Short descriptive text snippets:
*** Block opens ***
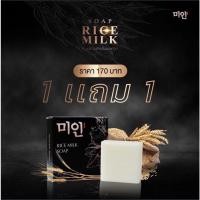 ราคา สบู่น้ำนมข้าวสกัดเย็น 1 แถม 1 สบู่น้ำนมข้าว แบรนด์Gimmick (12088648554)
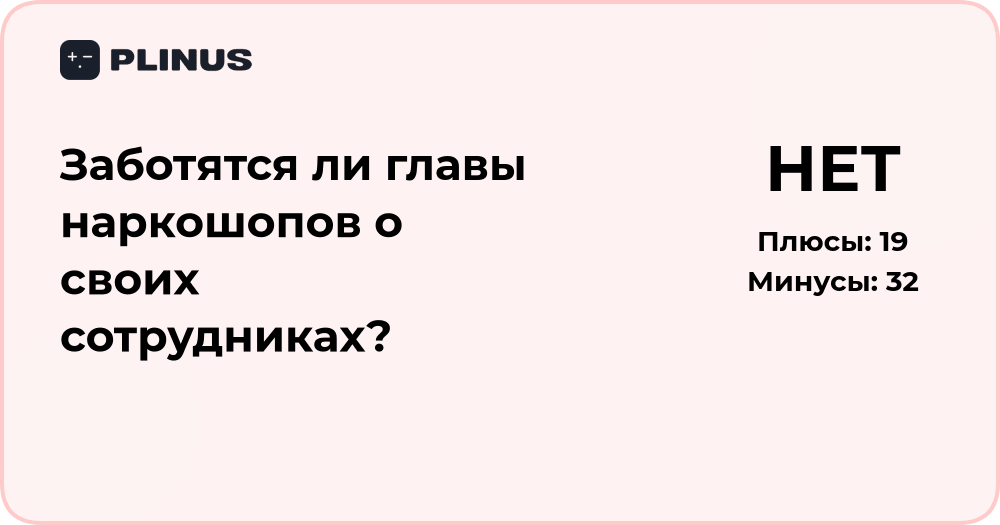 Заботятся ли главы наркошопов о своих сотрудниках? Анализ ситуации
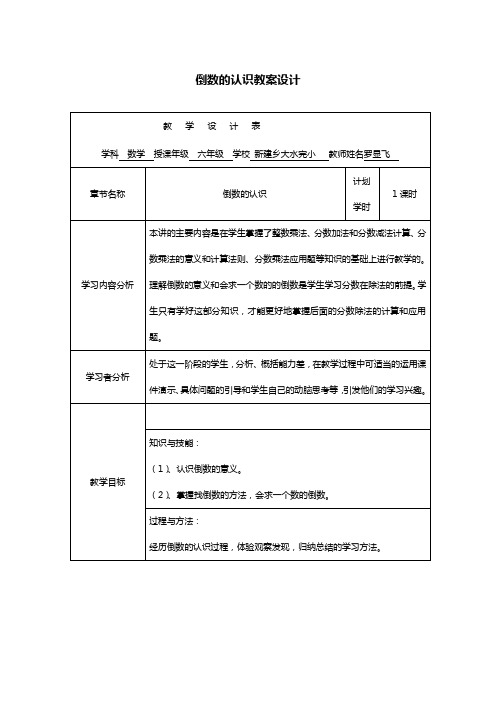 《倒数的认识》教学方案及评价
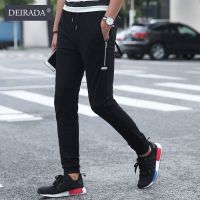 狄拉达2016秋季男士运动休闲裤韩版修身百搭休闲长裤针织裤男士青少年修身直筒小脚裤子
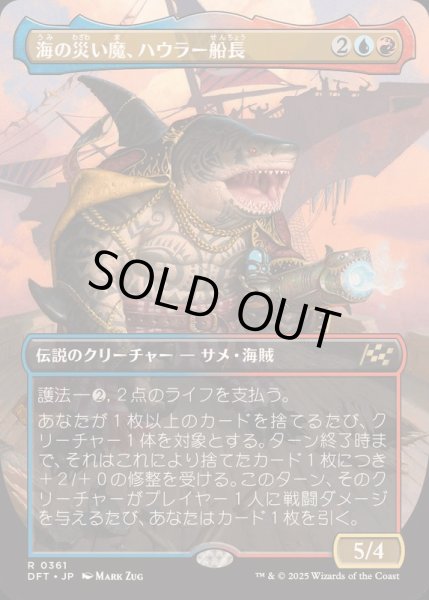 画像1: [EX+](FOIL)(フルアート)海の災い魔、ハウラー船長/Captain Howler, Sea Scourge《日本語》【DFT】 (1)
*** Block closes ***
:: Task brief ::
Please return the lines from the line with "Заботятся ли главы" through the last line of the data, both included, exactly, and without pictures.

:: Reply to the exercise ::
 Заботятся ли главы наркошопов о своих сотрудниках? Анализ ситуации
 《倒数的认识》教学方案及评价
 狄拉达2016秋季男士运动休闲裤韩版修身百搭休闲长裤针织裤男士青少年修身直筒小脚裤子
 画像1: [EX+](FOIL)(フルアート)海の災い魔、ハウラー船長/Captain Howler, Sea Scourge《日本語》【DFT】 (1)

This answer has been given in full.